Aus dem Jahr 2019: Miss und Mister Berg
So ist es nicht nur in Erlangen. Ob am Annafest in Forchheim, dem Nürnberger Volksfest oder der kleinen Dorfkirchweih im Ort. 2020 wäre meine fünfte Kirchweih als Berg-Reporterin gewesen. Ich habe alle Keller erlebt und ihre Wirte, die Schausteller, Polizisten, Feuerwehr- und Rettungskräfte, die Bands und die Mitarbeiter der Stadtverwaltung. Ich habe meine liebsten Musiker, die schnellsten Schleichwege und besten Klo-Frauen. Ein guter Berg-Tag beginnt für mich um 10 Uhr, wenn die Brezenverkäufer ihre Rollläden hochziehen und aus dem Schächtners Zelt Blasmusik wummert.

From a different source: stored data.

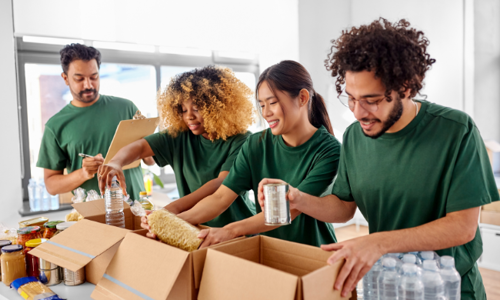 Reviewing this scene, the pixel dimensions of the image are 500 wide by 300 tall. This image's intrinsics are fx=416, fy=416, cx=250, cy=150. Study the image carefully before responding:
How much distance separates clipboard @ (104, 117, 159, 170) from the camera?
2178 mm

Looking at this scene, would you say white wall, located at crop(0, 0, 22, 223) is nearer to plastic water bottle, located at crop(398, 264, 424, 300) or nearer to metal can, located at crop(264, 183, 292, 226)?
metal can, located at crop(264, 183, 292, 226)

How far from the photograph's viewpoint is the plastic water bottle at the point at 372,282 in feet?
3.73

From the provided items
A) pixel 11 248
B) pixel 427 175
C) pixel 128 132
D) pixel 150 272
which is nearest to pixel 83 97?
pixel 128 132

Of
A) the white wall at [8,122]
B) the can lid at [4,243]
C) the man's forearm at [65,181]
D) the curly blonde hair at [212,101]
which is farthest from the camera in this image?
the white wall at [8,122]

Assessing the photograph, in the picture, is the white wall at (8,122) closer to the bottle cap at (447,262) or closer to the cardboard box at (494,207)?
the bottle cap at (447,262)

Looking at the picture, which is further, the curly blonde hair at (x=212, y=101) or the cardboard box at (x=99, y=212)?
the curly blonde hair at (x=212, y=101)

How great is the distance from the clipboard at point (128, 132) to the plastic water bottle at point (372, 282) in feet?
4.84

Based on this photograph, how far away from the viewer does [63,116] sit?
9.30ft

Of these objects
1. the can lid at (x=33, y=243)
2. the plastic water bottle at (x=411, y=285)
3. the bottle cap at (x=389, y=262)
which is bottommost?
the can lid at (x=33, y=243)

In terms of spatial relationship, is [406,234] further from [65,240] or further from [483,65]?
[483,65]

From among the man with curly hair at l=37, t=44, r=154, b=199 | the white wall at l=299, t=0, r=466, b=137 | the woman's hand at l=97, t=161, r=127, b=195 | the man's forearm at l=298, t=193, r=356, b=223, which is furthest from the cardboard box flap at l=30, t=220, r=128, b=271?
the white wall at l=299, t=0, r=466, b=137

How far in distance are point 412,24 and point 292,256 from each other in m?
4.52

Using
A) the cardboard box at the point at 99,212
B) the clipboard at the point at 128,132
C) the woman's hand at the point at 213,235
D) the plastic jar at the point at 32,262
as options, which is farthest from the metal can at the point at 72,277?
the clipboard at the point at 128,132

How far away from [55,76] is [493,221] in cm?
432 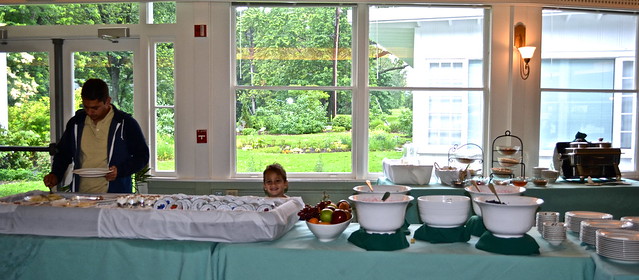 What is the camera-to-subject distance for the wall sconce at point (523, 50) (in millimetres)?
5370

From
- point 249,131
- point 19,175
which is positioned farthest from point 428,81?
point 19,175

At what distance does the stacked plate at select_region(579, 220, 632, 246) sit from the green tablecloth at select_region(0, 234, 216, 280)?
163 centimetres

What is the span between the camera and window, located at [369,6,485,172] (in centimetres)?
563

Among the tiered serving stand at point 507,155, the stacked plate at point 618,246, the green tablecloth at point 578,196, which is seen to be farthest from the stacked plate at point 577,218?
the tiered serving stand at point 507,155

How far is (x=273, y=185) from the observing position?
11.8 ft

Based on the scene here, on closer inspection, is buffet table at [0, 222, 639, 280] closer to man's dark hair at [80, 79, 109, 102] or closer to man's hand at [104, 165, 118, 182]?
man's hand at [104, 165, 118, 182]

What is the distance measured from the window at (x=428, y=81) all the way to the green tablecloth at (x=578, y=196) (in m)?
0.82

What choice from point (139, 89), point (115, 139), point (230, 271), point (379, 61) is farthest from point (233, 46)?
point (230, 271)

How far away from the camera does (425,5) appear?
5.59 m

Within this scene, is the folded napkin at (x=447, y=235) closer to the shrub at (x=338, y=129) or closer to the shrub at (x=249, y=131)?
the shrub at (x=338, y=129)

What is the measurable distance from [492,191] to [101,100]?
7.45 feet

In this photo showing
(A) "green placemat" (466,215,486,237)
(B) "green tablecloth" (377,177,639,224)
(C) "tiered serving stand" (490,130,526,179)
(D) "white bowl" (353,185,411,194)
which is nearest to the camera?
(A) "green placemat" (466,215,486,237)

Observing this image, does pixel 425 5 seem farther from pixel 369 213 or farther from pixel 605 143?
pixel 369 213

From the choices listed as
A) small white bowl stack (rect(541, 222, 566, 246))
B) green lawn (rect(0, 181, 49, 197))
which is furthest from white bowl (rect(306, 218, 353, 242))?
green lawn (rect(0, 181, 49, 197))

Ich bin jemand, der die Menschenmassen mag, der besonders gern abends über die Keller wandert und an jeder fünften Bierbank mitschunkelt. Sogar die Heimfahrten in der überfüllten letzten S-Bahn Richtung Nürnberg gehören für mich dazu, wenn alle weiterfeiern oder schon einschlafen, während ich noch das letzte Smartphone-Video für den Nordbayern-LiveBlog schneide. Ich liebe die Vorfreude in der Stadt, den Anstich-Tag, das Pfingst-Wochenende, die riesigen Käse-Laibe, das Kreischen der Achterbahnfahrer, die Ruhe unter der Woche und die Wehmut am Abschiedsabend.
Knapp eine Million Besucher kommen jedes Jahr auf den Erlanger Berg. Die Innenstadt verändert sich in dieser Zeit, schon Tage vor dem Anstich, der traditionell an Donnerstag vor Pfingsten stattfindet, verwandeln sich Imbissbuden und Restaurants in der Hauptstraße in eine Mini-Disco, verriegeln die Geschäfte ihre Fenster, auf dem Martin-Luther-Platz entsteht eine provisorische Rettungswache. Und das Riesenrad thront bereits über den Dächern.

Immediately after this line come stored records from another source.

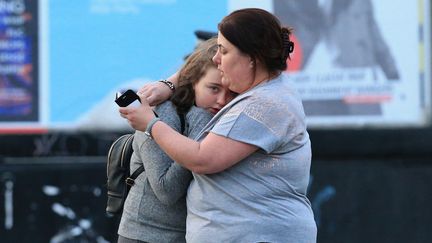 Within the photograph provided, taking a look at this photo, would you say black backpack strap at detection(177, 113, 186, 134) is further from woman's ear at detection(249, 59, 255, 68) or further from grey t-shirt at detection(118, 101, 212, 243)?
woman's ear at detection(249, 59, 255, 68)

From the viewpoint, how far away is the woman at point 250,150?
2.29m

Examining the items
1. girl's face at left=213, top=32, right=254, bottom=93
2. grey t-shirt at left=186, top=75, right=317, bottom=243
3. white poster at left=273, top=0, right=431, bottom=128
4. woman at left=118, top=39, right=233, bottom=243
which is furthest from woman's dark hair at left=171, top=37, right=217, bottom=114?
white poster at left=273, top=0, right=431, bottom=128

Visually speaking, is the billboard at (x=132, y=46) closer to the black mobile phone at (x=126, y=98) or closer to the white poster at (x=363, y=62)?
the white poster at (x=363, y=62)

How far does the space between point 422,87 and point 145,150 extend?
10.1ft

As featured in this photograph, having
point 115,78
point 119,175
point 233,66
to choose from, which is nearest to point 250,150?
point 233,66

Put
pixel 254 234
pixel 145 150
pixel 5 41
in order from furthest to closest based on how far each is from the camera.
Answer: pixel 5 41
pixel 145 150
pixel 254 234

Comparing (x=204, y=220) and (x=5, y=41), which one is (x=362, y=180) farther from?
(x=204, y=220)

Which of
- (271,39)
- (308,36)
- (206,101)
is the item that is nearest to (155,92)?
(206,101)

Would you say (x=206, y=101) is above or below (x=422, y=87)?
above

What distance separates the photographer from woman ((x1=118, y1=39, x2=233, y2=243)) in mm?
2482

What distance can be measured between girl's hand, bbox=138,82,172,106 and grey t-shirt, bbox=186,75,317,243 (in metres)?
0.26

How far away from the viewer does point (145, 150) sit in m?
2.51

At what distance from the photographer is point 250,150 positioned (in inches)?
90.2

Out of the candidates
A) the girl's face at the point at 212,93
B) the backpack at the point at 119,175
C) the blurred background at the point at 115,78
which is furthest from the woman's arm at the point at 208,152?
the blurred background at the point at 115,78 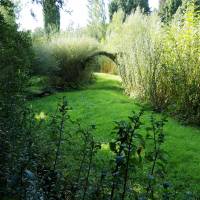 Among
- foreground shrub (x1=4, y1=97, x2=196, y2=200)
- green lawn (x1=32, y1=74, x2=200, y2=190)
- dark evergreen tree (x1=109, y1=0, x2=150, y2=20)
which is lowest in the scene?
green lawn (x1=32, y1=74, x2=200, y2=190)

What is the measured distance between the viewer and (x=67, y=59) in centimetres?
1478

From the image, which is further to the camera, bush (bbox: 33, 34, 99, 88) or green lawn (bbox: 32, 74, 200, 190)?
bush (bbox: 33, 34, 99, 88)

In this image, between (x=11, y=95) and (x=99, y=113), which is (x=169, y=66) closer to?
(x=99, y=113)

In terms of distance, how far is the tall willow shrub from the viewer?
8.83m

Es ist ein Erlanger Wahrzeichen, auch wenn es nur etwas mehr als zwei Wochen lang Teil des Stadtbilds ist. Erspähe ich die ersten Aufbauten der weißen Stahl-Konstruktion, beginnt das Kribbeln. Ist das Riesenrad der Familie Kipp da, ist der Anstich nicht mehr weit. Dann gibt es auch auf Presseterminen und Sportplätzen nur noch ein Thema: die Vorfreude auf den Berg.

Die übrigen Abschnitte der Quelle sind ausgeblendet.